Vergleicht man die Zahlen von 1990 und 1994 mit denen von 1999, können wir große Sympathieverluste für die Grünen feststellen. 1990 erreichten die Grünen 70,8%. (Es wurde damals danach gefragt, welche Partei positiv gesehen wird; Mehrfachnennungen waren möglich.) 1994 nannten noch 41,3% die Grünen als ihre bevorzugte Partei (es war keine Wahlfrage, sondern eine nach der Sympathie; Mehrfachnennungen waren nicht mehr möglich). Jetzt - 1999 - bekamen die Grünen auf einer Skala von 1 bis 6 die Note 3,7. Anders die Zahlen der PDS: 1990 sahen sie 45% positiv, 1994 sahen sie 40,2% als ihre bevorzugte Partei an und 1999 erhält sie mit 2,6 die absolut beste Bewertung der Parteien. (PDS 2,6; Grüne 3,7; SPD 4,3; CDU 5,5; FDP 5,8).

Das ist jetzt also das Bild, das wir uns von unseren Lesern machen können: hochgebildet, politisch und sozial engagiert mit großem Lesehunger, mit starkem Interesse für grundlegende Fragen der Gesellschaft und der Gesellschaftspolitik.
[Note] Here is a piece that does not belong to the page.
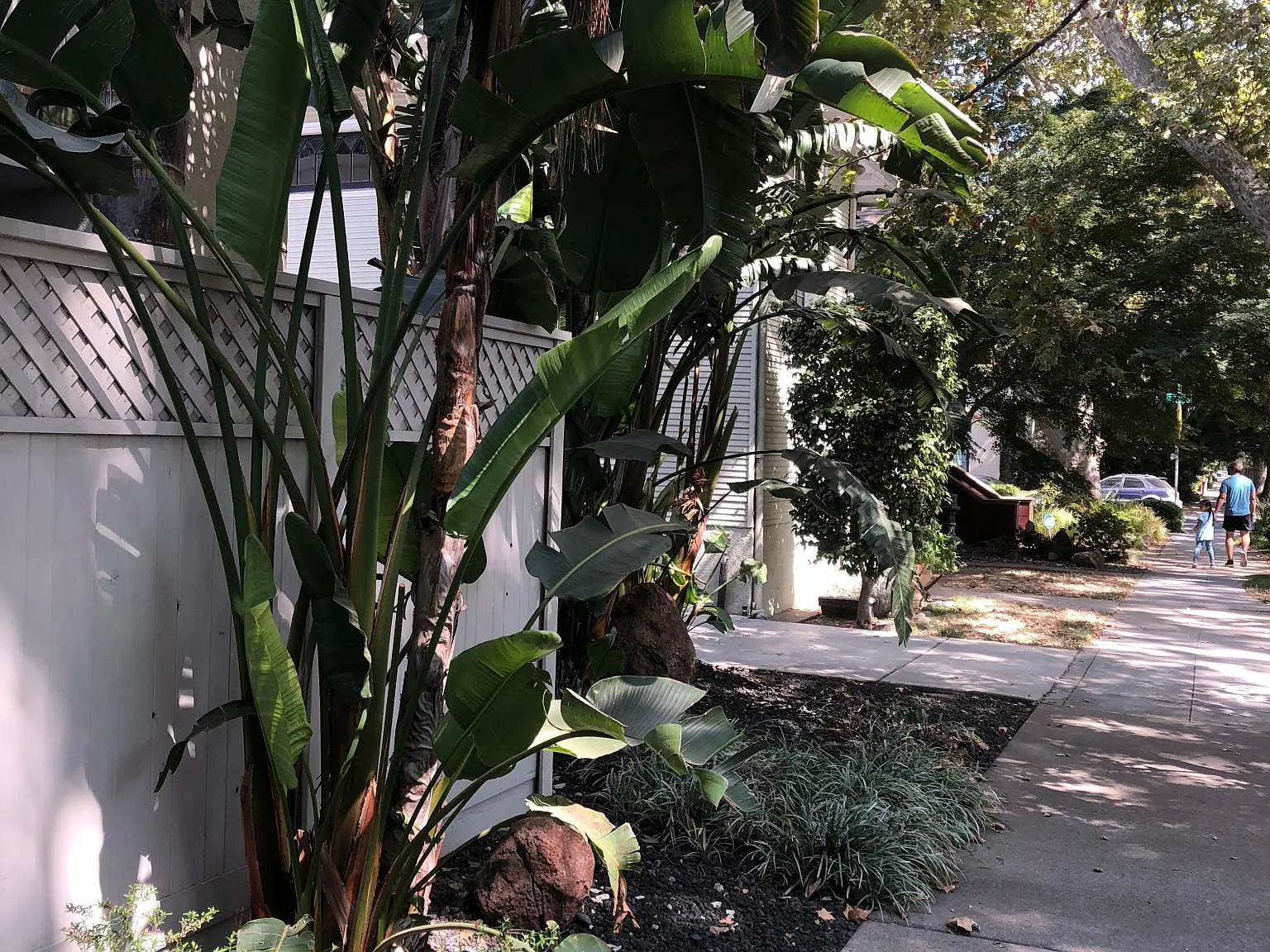 2617 G St — Photo 2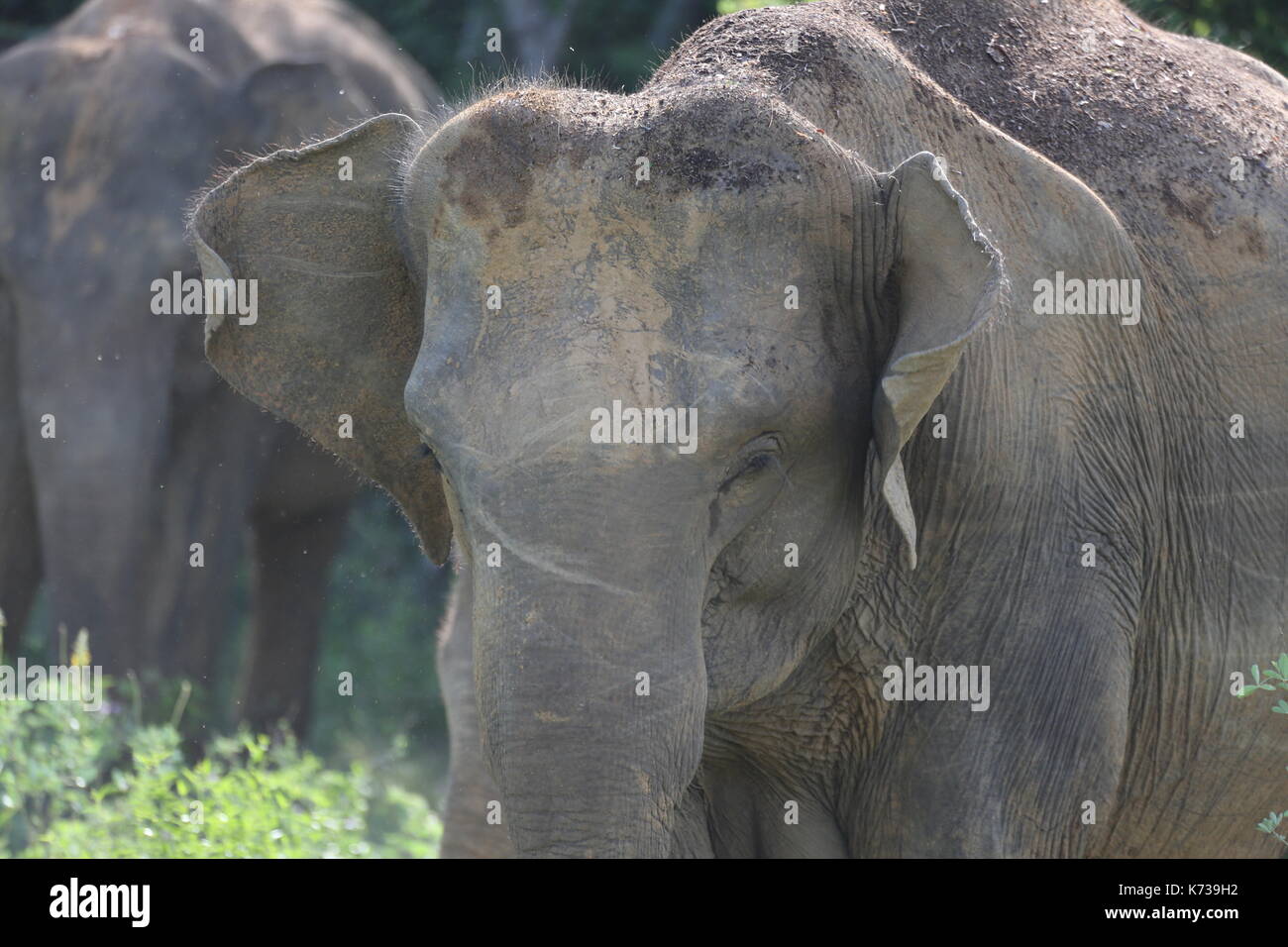 Elephants at Kaudulla National Park Stock Photo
Aber auch zu wenig weiblich und zu wenig jung, beides Elemente, die für Gesellschaftspolitik von großer Bedeutung sind.

Redaktion und Verlag werden sich intensiv mit Schlussfolgerungen aus der Umfrage beschäftigen. Begonnen haben wir mit einer Workshop-Reihe über den Freitag 2000. Wie er aussehen soll, darüber werden wir mit unseren Leserinnen und Lesern intensiv kommunizieren.